All the fun of opening up a mummy, without the fear of unleashing a plague.
- Three long dead Egyptians recently had their CT images taken.
- The scans revealed what was, and was not, done during their mummification.
- The finds shed more light on how the Egyptians were inspired by the Greeks and Romans.
Beyond being great villains in horror films, mummies are excellent tools to learn about the past with. With these well-preserved corpses, you can learn about what people were like in life by reviewing what they left behind. If you get enough of them, you can start to make generalizations about how entire populations lived.
The Egyptians liked to bury mummies with possessions that they might take with them into the afterlife. Because of this, their tombs often reveal the lives they lived, the art styles of the time, what objects they found important enough to take with them into the beyond, and other details that might otherwise be lost to history.
One of the difficulties of using mummies to learn about these things is that they can be challenging to wrap back up after pulling back the bandages. Luckily for us, modern technology has made doing that obsolete. Recently, a team of researchers created CT scan images of three mummies and published their findings.
They look pretty good for being 2000.
The decorated images showing who the mummies used to be.
Credit: Zesch et al., PLOS One, 2020
The three mummies scanned are the only known examples of "stucco-shrouded portrait mummies." As opposed to being buried in a coffin, these three were placed on wooden boards then wrapped in a textile and a shroud. They were then decorated with plaster, gold, and a whole-body portrait revealing what they looked like, how they styled their hair, and what they wore in life. All three were once buried in Saqqara, the great Necropolis just south of Giza.
They date back to the Late Roman Period in Egypt, and all three of them have had very exciting afterlives filled with stories about their discoveries and shifting ownership. Now, thanks to modern technology, we can learn about their lives.
The CT scan shows that the man was between 25 and 30 years of age when he died and that he had several cavities and unerupted teeth. He was only 164 cm tall (around 5'4"). Several of his bones are broken, though this is believed to be the result of careless handling by whoever discovered the remains.
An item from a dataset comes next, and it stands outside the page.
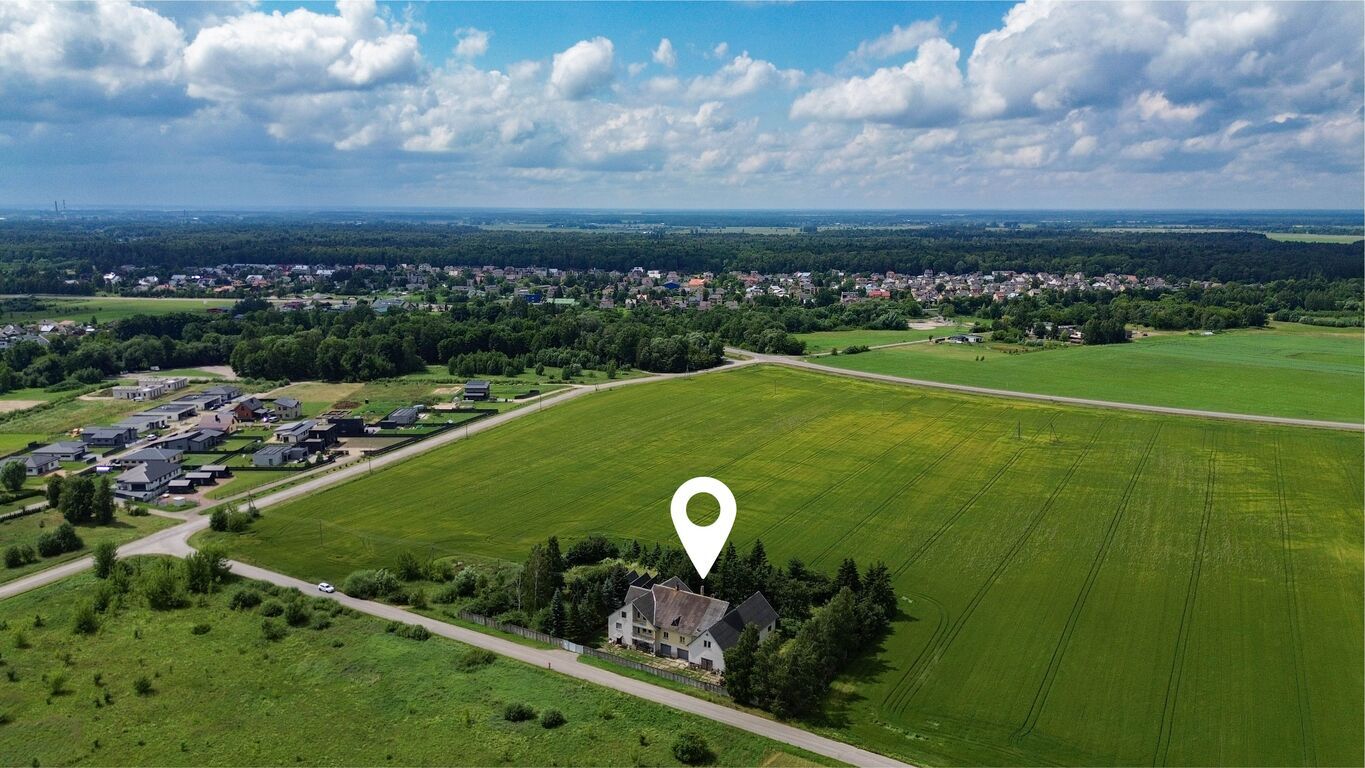 Komercinės patalpos, Verslo g., Maksvytiškių k.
Most curiously, there is no evidence that his brain was removed during the mummification process, as was standard in other cases. It also seems that few embalming chemicals were used to preserve him. This suggests that he was just wrapped, painted, and buried and that dehydration is what kept his corpse so well preserved.
The woman was between 30 and 40 years old and stood at 151 cm (4'9"). She shows signs of arthritis in her knees. Like many other Egyptians, she was buried in fine jewelry. Several necklaces appeared on the scan, suggesting she was well off. For reasons unknown, nails were also found in her abdomen. Like her male counterpart, her brain was not removed during mummification, either.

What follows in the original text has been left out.